There’s no awkward bullshit religious ceremonies your in-laws are trying to talk you into attending. There’s no break in the middle of the Cowboy’s game where Linus takes center stage and tells us about the birth of Mithra. There’s no team of evangelicals plaguing the media for weeks beforehand telling us that Jesus is the justification for the mastication. We just get together and eat innocent turkeys. And innocent gravy. We come together with our friends and family regardless of which invisible superhero clears out parking spaces for them. And but for a perfunctory saying of grace and grandma rathering you not refer to them as “deviled” eggs, religion doesn’t enter into it at all. And damn it, I don’t care what they say on Fox News, that’s as American as it gets.
Most of the secular holidays we celebrate in this country are tainted by a bunch of rah-rah patriotism and I’m not usually one for the “Don’t tread on me; screw the immigrants and the indigenous, America ‘fuck yeah’” flag waver, but when this country was founded it was almost certainly the most secular nation in the history of humanity and that’s a lineage I’m proud to claim.
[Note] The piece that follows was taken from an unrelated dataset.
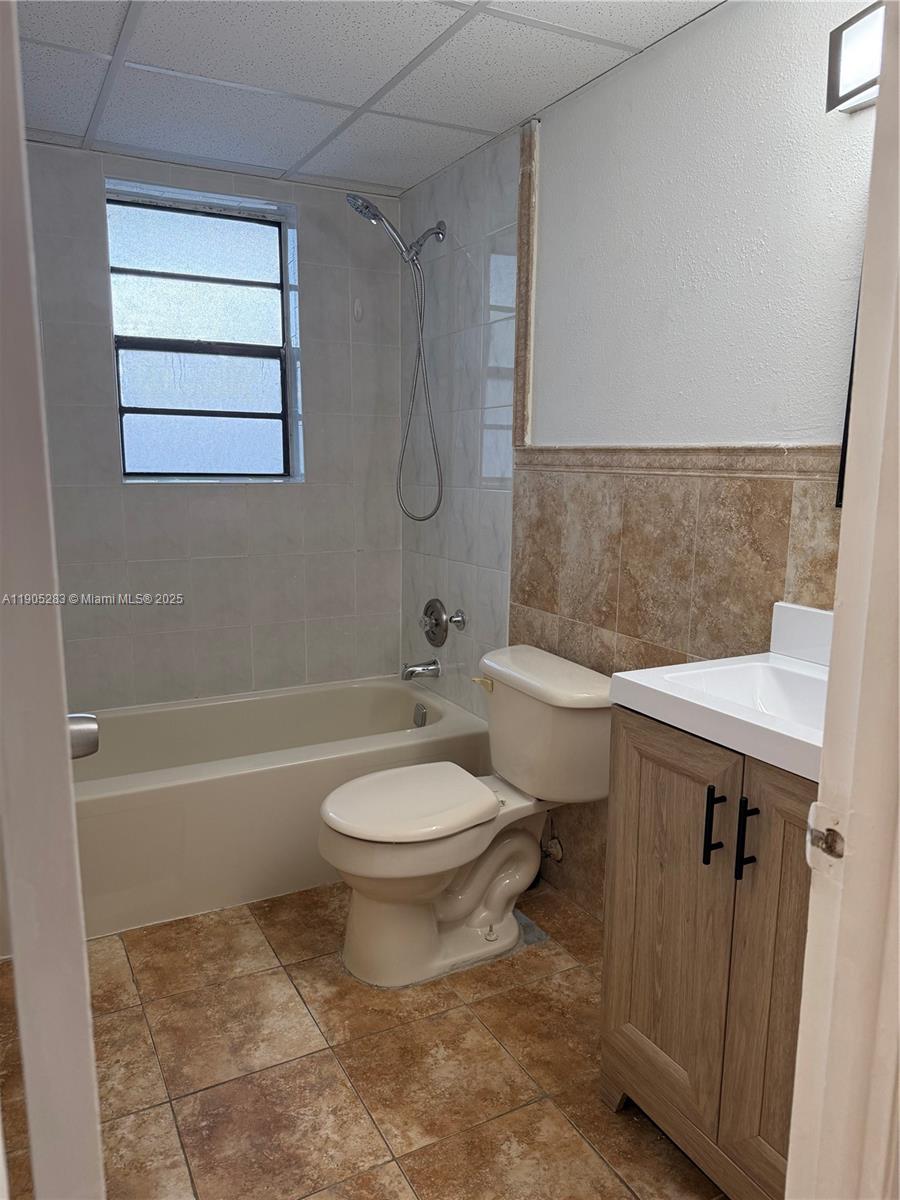 9460 Fontainebleau Boulevard, Unit 331 Miami, FL 33172 - Photo 11 of 17 a bathroom with a sink a toilet and shower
Of course there are plenty of evangelicals out there desperately trying to literally rewrite the history books to whitewash the secularism out of our national character, but considering how plainly codified it is in the Constitution, they’ll have to rewrite a hell of a lot more than Texas textbook guidelines to get rid of it. And make no mistake, there’s a huge contingent of politically motivated Christians hell-bent on doing exactly that.
And why wouldn’t they be? Religion would be doing way better if it was legally mandated. Hell, when you consider the categorical superiority of the secular alternative to everything religion does or ever did, it’s fair to say that a legal mandate is the only hope religion has to survive. When I hear the Michele Bachmann crowd screaming “Jesus for Emperor in 2016” I don’t write it off as crazy. I look at it as their last chance.
I think it’s worth noting that I’ve never met an atheist who thinks religion should be outlawed. I’m sure there are a few of them bumbling around somewhere, but every atheist I’ve ever met and every respected voice in the atheist movement is just calling for a fair marketplace of ideas. We’re just asking that religion be evaluated by the same means as everything else and be given no special privilege on the simple merit of being a religion. It’s the kind of thing you can afford to espouse when you’re on the side with all the evidence.
In the time I’ve been doing this podcast a lot of people have asked me, “what’s the point?” Now, in the past I’ve largely dismissed this question. Life is like a JJ Abrams script; there’s doesn’t have to be a point and things don’t have to add up. It’s enough that we’re having fun recording it and other people are having fun listening to it.
But whenever I see the specter of theocracy creeping into the national conversation, I rethink that. I was on a panel the other day with CJ Werleman discussing his new book, “Crucifying America” where he makes the argument that unless atheists can match the political enthusiasm of the Christian right, the forces of theocracy are going to continue chipping away at our secular government and they won’t stop until we can out-zealot Iran.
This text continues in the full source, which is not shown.